**DATA UNDER STUDY**

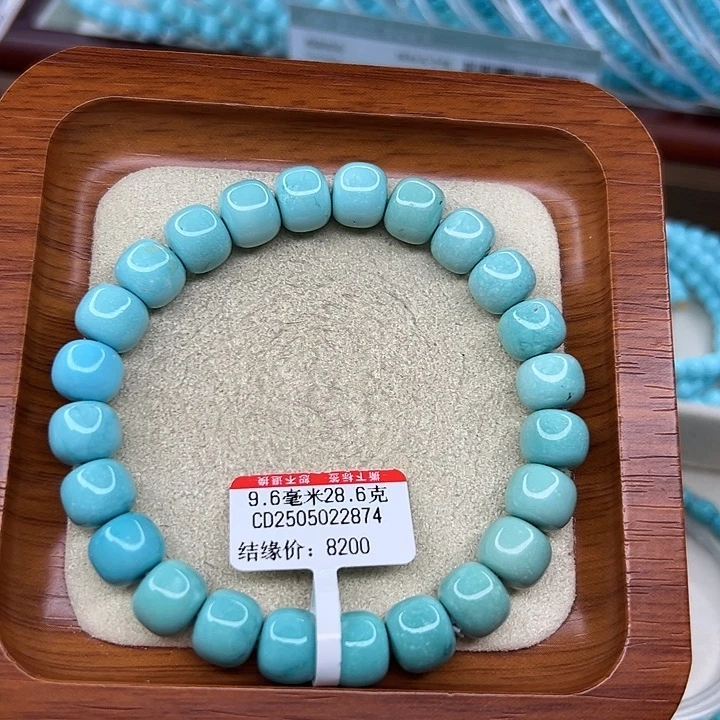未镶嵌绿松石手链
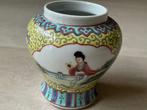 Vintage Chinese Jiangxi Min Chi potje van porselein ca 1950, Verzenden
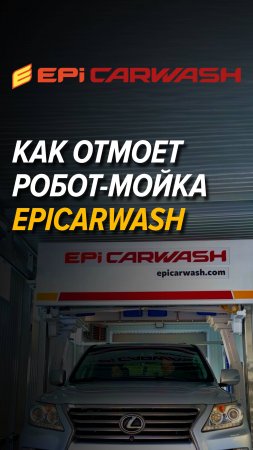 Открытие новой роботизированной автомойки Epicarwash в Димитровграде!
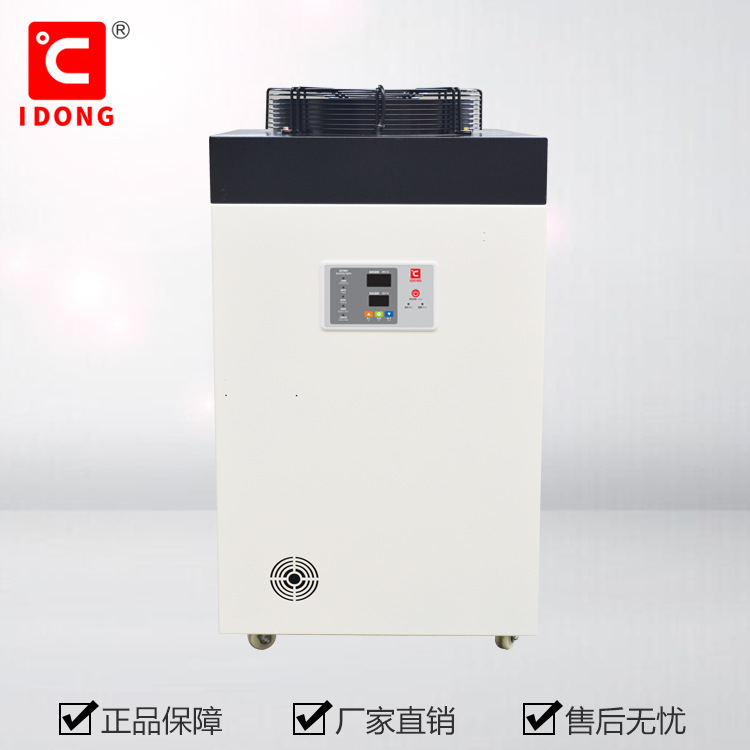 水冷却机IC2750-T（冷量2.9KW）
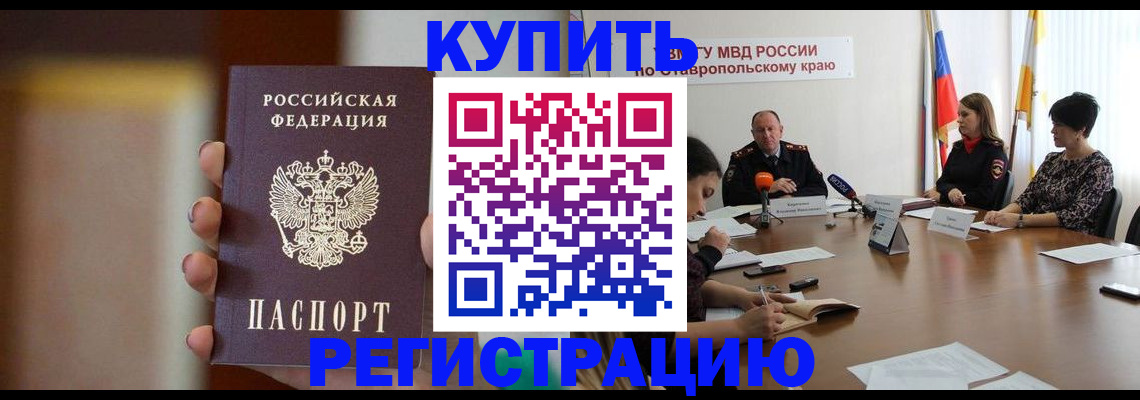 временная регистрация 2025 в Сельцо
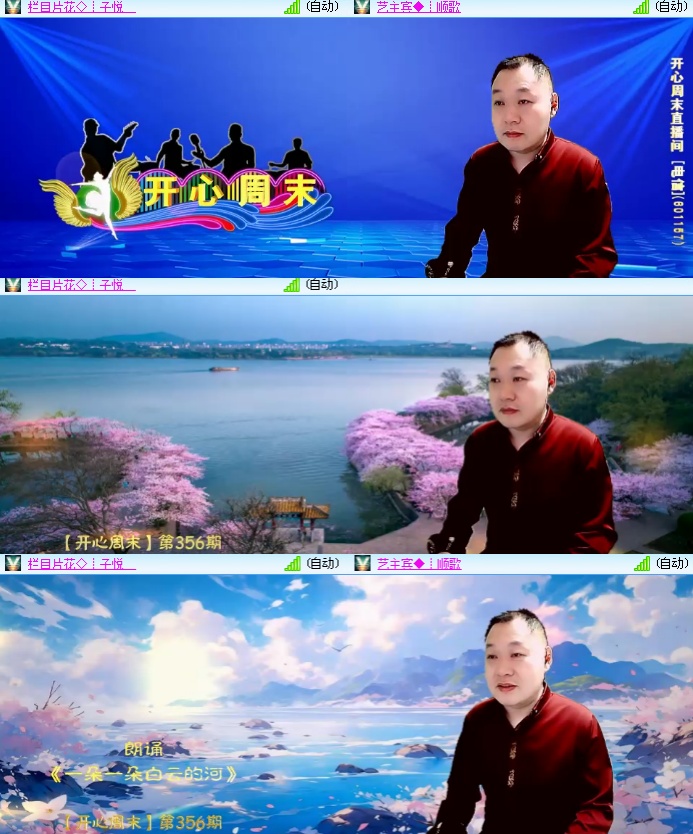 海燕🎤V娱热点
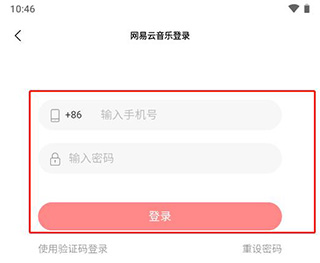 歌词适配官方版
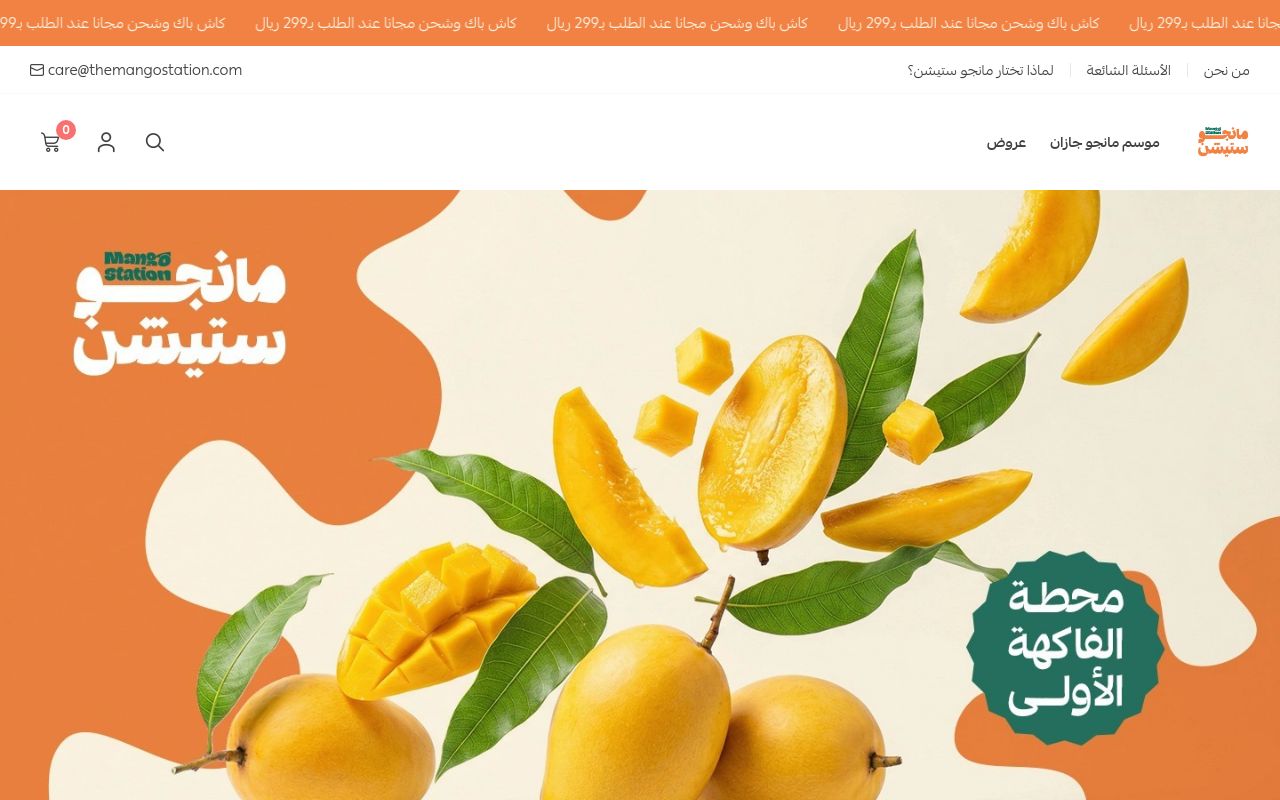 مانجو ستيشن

**EXERCISE PROMPT**
The reply should consist of the listing restated word for word, with its pictures removed.

**RESPONSE AREA**
未镶嵌绿松石手链
 Vintage Chinese Jiangxi Min Chi potje van porselein ca 1950, Verzenden
 Открытие новой роботизированной автомойки Epicarwash в Димитровграде!
 水冷却机IC2750-T（冷量2.9KW）
 временная регистрация 2025 в Сельцо
 海燕🎤V娱热点
 歌词适配官方版
 مانجو ستيشن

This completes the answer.